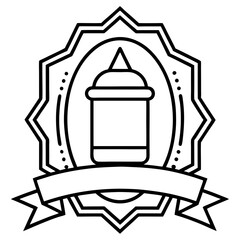 Advertisement Line Art Vector Illustration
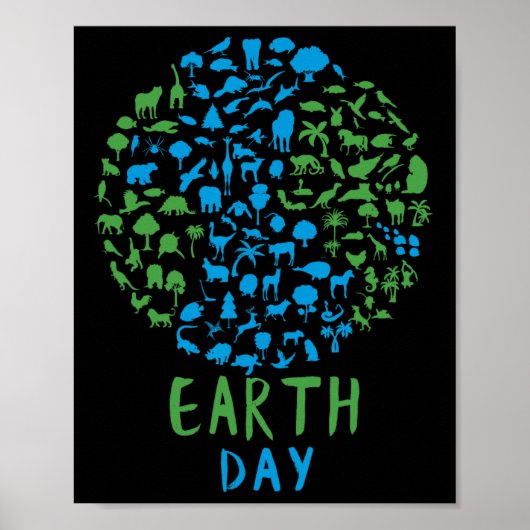 Earth Day Shirt Kinder 2 Poster (Voorkant)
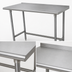 Thumbnail image #3 for Advance Tabco 108-Inch x 30-Inch 16-Gauge 430 Stainless Steel Work Table with 1-1/2-Inch Rear Up-Turn, Open Base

**Task statement**
Without including any picture, output all the material exactly as it appears.

**Output below**
 Advertisement Line Art Vector Illustration
 Earth Day Shirt Kinder 2 Poster (Voorkant)
 Thumbnail image #3 for Advance Tabco 108-Inch x 30-Inch 16-Gauge 430 Stainless Steel Work Table with 1-1/2-Inch Rear Up-Turn, Open Base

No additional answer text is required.